AI is still a nautanki
#300 2026

AI is still a nautanki

AI

Many AI researchers believe that today’s AI systems are still primitive, even though they appear impressive.

1. AI still does not truly understand the world

Modern AI systems are excellent at recognizing patterns in data. But they do not actually understand reality in the way humans do.

For example, large language models generate answers by predicting the next word in a sequence based on patterns learned from massive datasets. This approach can produce very convincing responses, but it does not necessarily involve deep comprehension.

Researchers sometimes describe this limitation as the difference between statistical correlation and causal understanding.

A cat doesn’t have to go to a school to learn how to catch a rat.

2. Reasoning ability is still limited

Although AI systems can perform some forms of reasoning, their logic can be inconsistent. They may solve complex problems in one moment and make basic mistakes in the next.

Reality is that we don’t exactly know how the human brain works

3. AI lacks real-world experience

Humans and animals learn about the world through physical interaction.
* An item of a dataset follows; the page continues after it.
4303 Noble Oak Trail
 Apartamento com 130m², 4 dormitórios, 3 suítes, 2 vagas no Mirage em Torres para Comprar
They see, touch, move, and experiment.

Most current AI systems learn almost entirely from text, images, or digital data. They do not have a continuous stream of real-world experience.

It is training vs learning. As yet, we don’t know anything about ai that learns in its own. We are still training ai.

4. Energy efficiency and price performance are extremely poor

The human brain consumes roughly 20 watts of power, yet it performs astonishingly complex cognitive tasks.

Training a large AI model can require millions of times more energy. This indicates that current approaches are far from the efficiency of biological intelligence.

Without valuation dollars – ai is not financially viable.

5. Scientific breakthroughs may still be ahead

Many experts believe that the current generation of AI relies heavily on scaling existing techniques rather than discovering fundamentally new principles.

Future advances may come from deeper insights in areas such as:
• new neural architectures
• better reasoning frameworks
• improved learning methods
• integration with physical environments

The larger perspective

The field of Artificial Intelligence began formally in the 1950s, but progress has been uneven, with periods of excitement followed by so-called AI winters.

Today’s progress is real and significant, yet many scientists think it represents an early phase of a much longer technological evolution.

In that sense, what we are seeing today may resemble the early days of electricity or computing—important breakthroughs have occurred, but the full implications may take decades to unfold.

The interesting question now is not simply how powerful AI will become, but what new breakthrough ideas will be required to move beyond the limitations of current systems.

That is where sharp investors need to focus.